As initially introduced in 2015, the MEES specified that property owners or landlords could not grant a tenancy to new or existing tenants of properties with an Energy Performance Certificate (EPC) rating of F or G – the categories considered as being ‘sub-standard’.
But the new measures coming into effect on 1 April 2023 mean that it will also be unlawful to continue to let properties with an F or G EPC rating. Consequently, all let commercial properties will need to have a minimum rating of E; those falling below will require all cost-effective energy efficiency improvements defined by MEES to be undertaken by the deadline.

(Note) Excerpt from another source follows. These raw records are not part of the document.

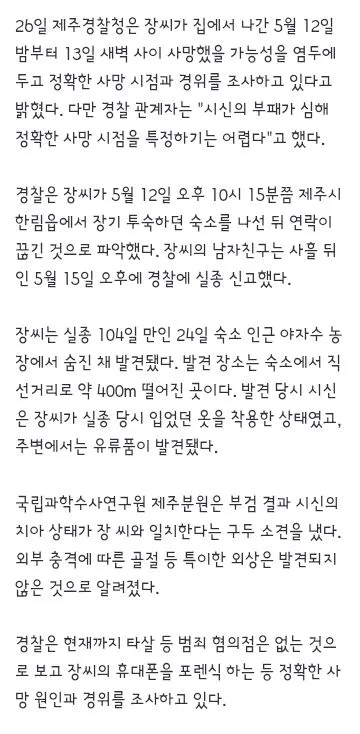 장미란씨, 5월 12일 밤 실종···13일 새벽 사망 추정'/동네주민이 보는 이번 사건 이미지 2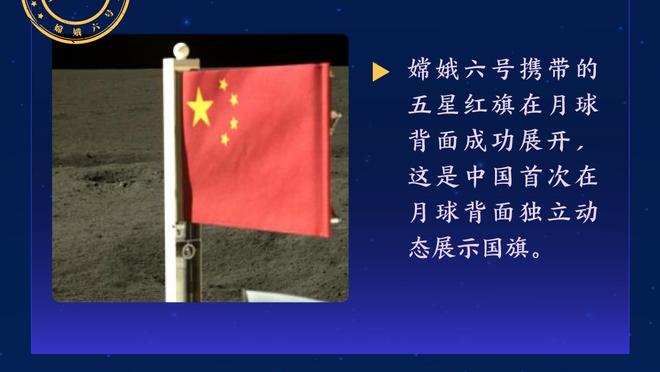 上嘴脸？皮克福德补时各种夸张肢体表演 赛后险与纽卡干架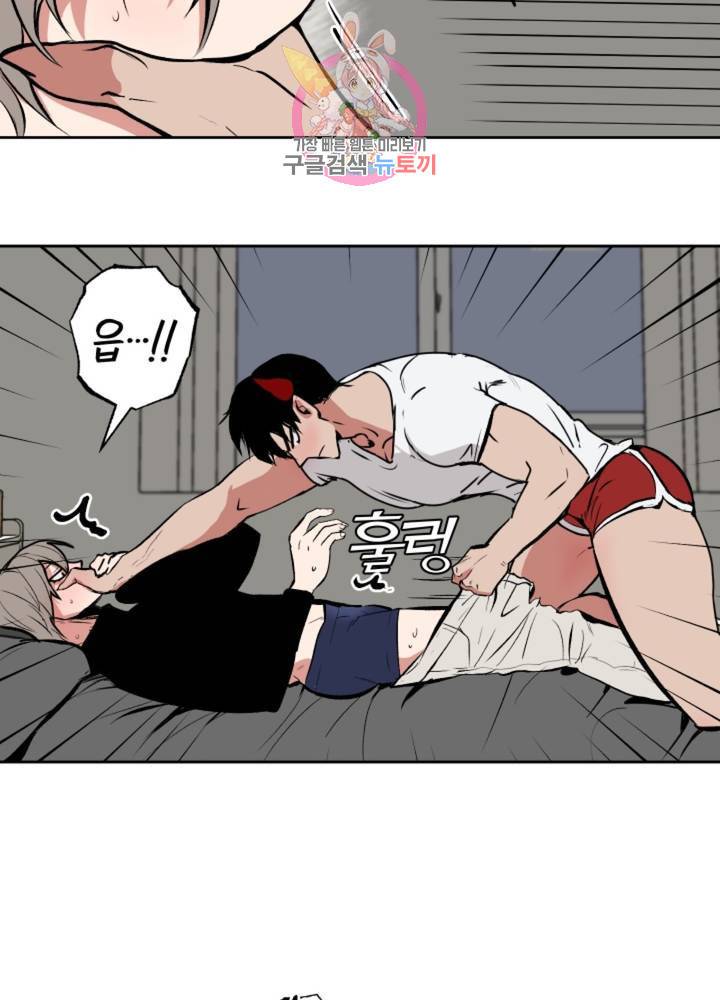 마왕님의 이중생활 60화 37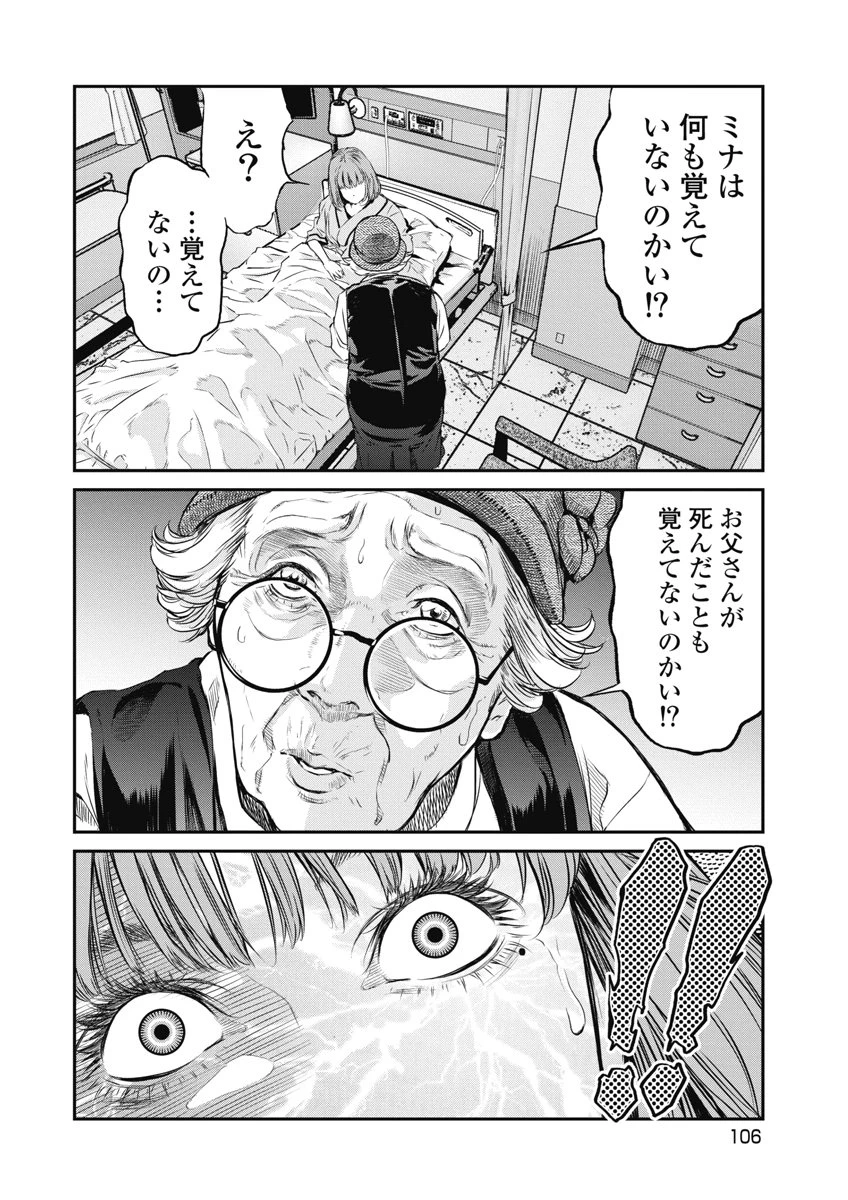 そして、ミナになった。 第22話 - 16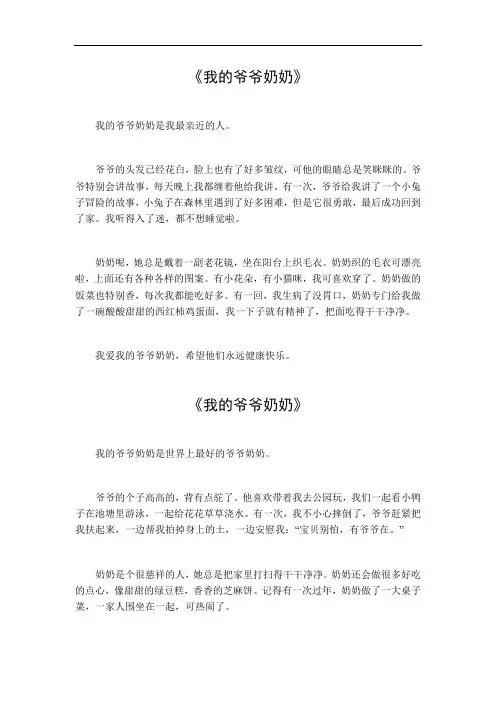 二年级作文我的爷爷奶奶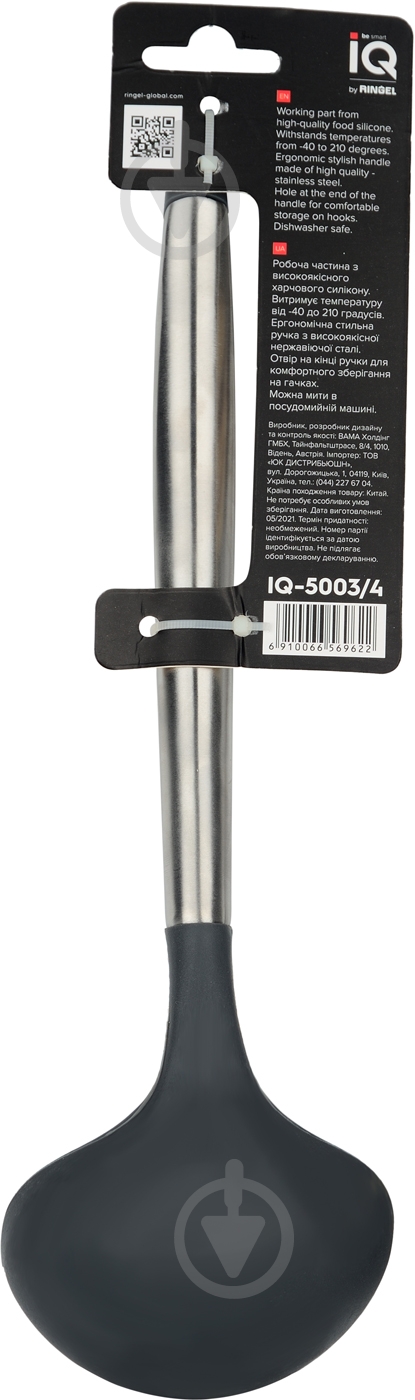 Половник Ringel IQ Be Smart 31,5 см (IQ-5003/4) - фото 4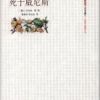 《死于威尼斯》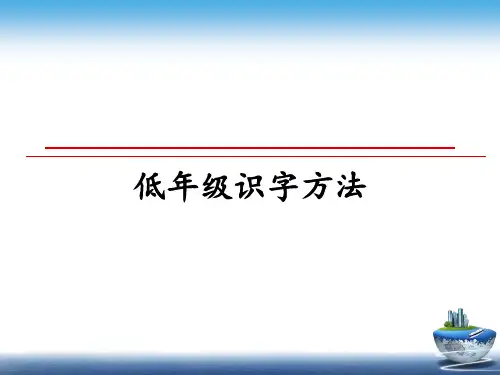 最新低年级识字方法教学讲义PPT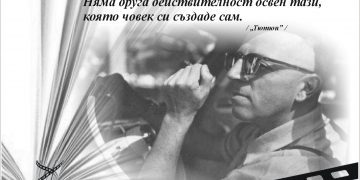 Вечер, посветена на писателя Димитър Димов организира Библиотеката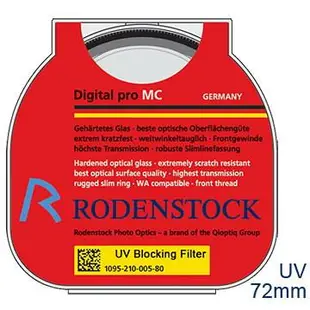 RODENSTOCK PRO Digital UV M72【公司貨】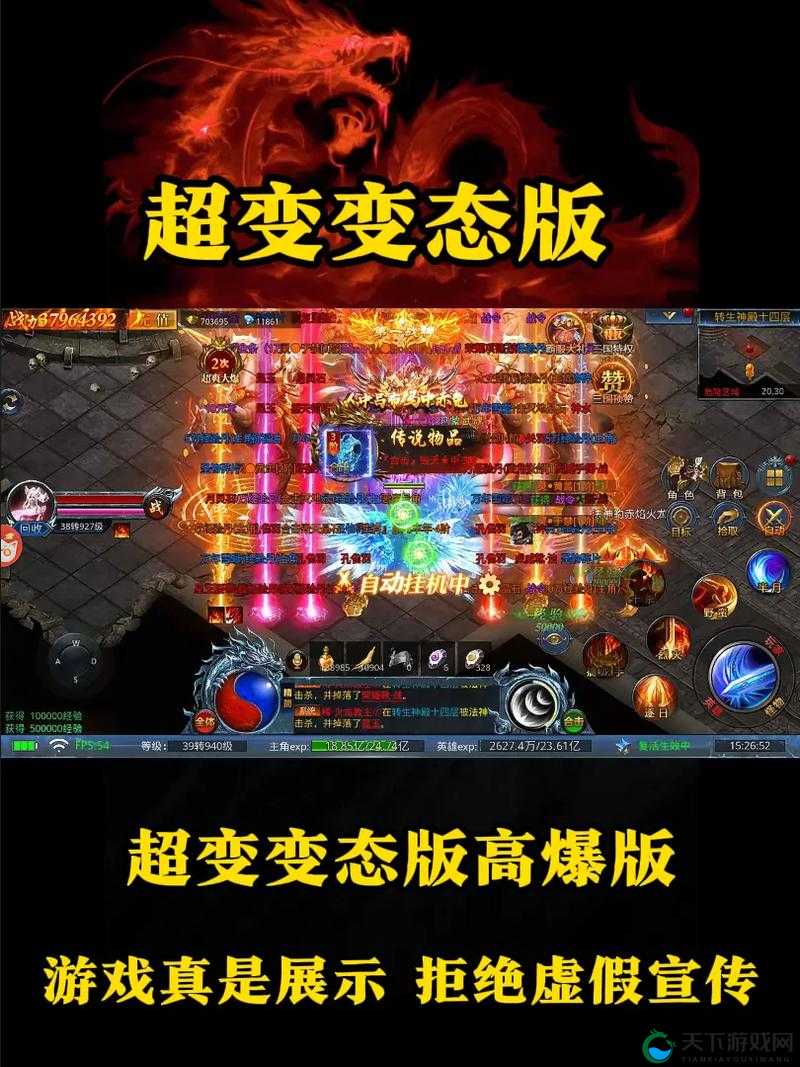 新手的福音楚汉传奇光速升级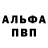 АМФЕТАМИН Розовый Josef Hagin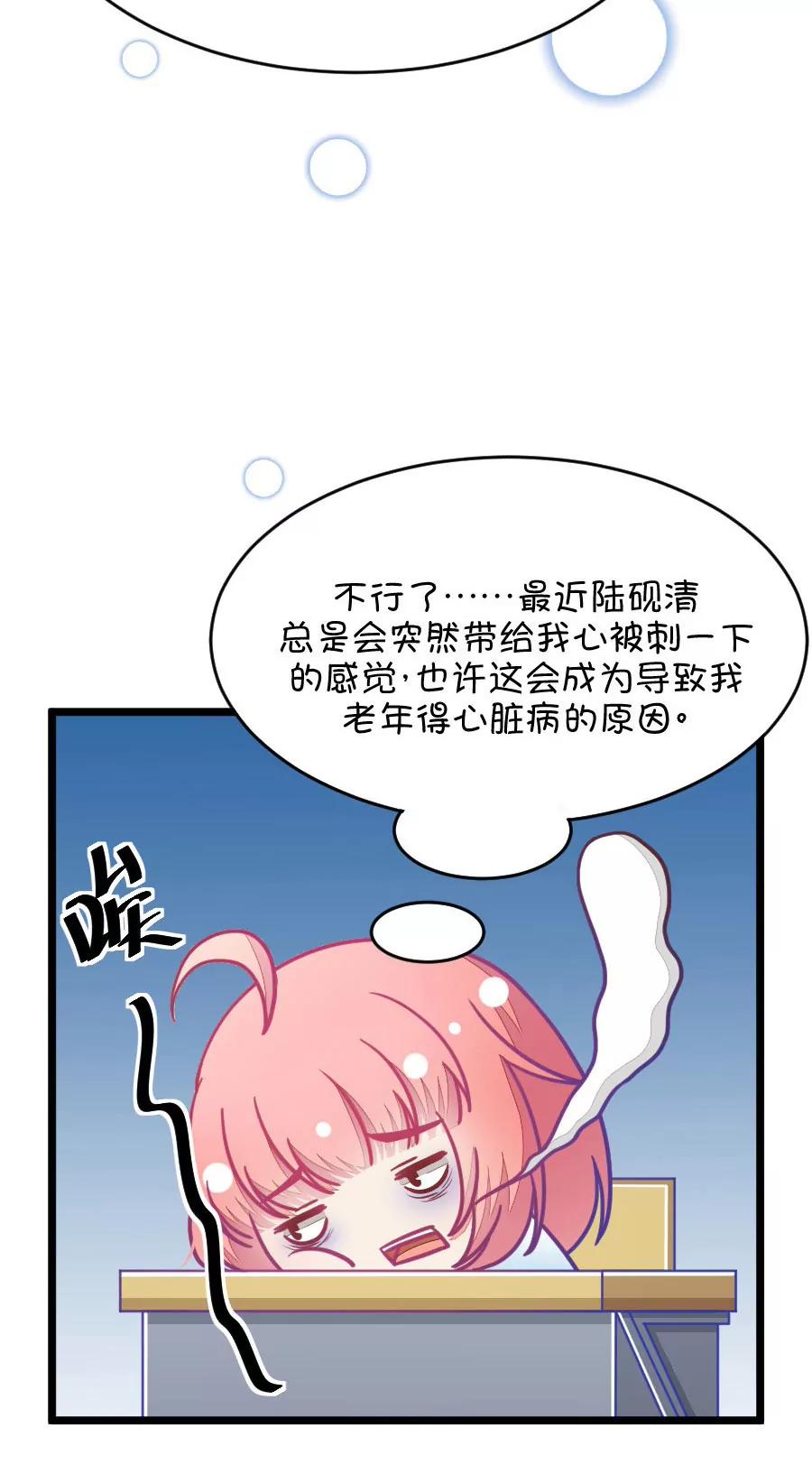 《我的青梅哪有那么腐》27(第27话 我女朋友也是腐女啊（4）) 第16页
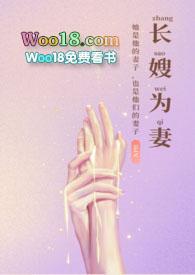 长嫂为妻墨书白番外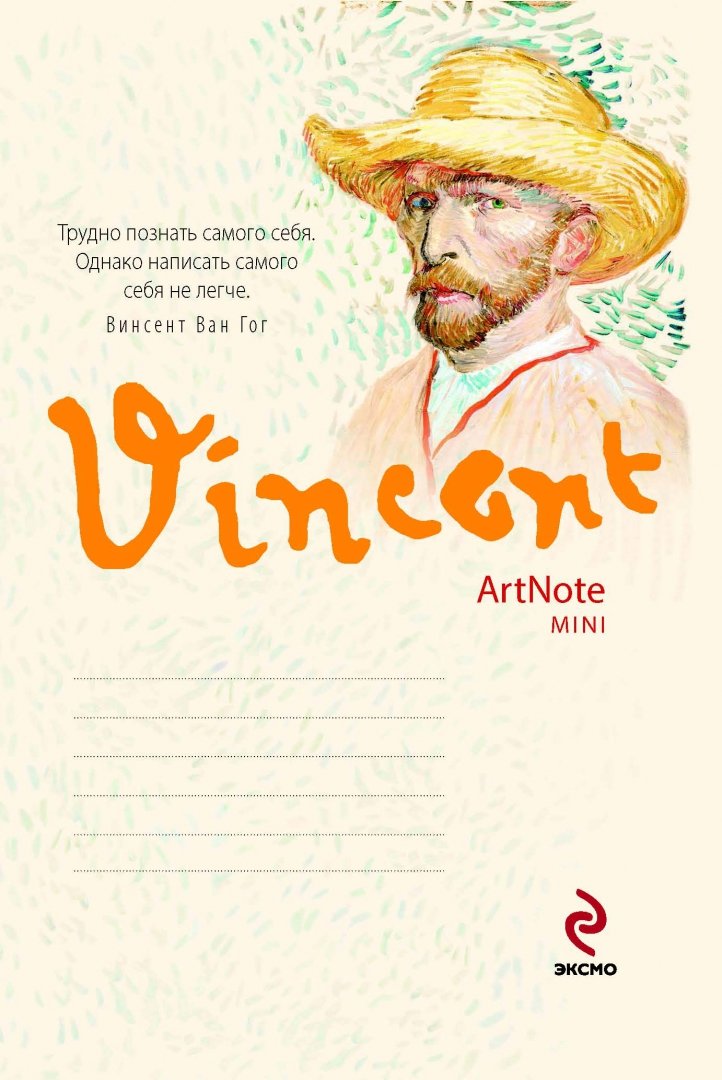 Иллюстрация 1 из 15 для Блокнот "Ван Гог. Ночное кафе", А6+ | Лабиринт - канцтовы. Источник: Лабиринт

This prospect had already been causing a wave of concern across the UK’s commercial property sector, with the Savills report highlighting the challenge of upgrading the 150m sq ft of ‘at risk’ space which is the responsibility of smaller investors. This type of property is often the subject of fragmented ownership and is in locations where other other occupational challenges exist.
‘Get works done and get it right’
Now a new study by BNP Paribas Real Estate has turned a particular spotlight on the worrying implications for commercial stock in inner London. Under the changes being implemented on 1 April, it is suggested that 8% of properties could become unlawful for new lettings and unlawful to let if they are not brought up to the standard of the new MEES requirements (2).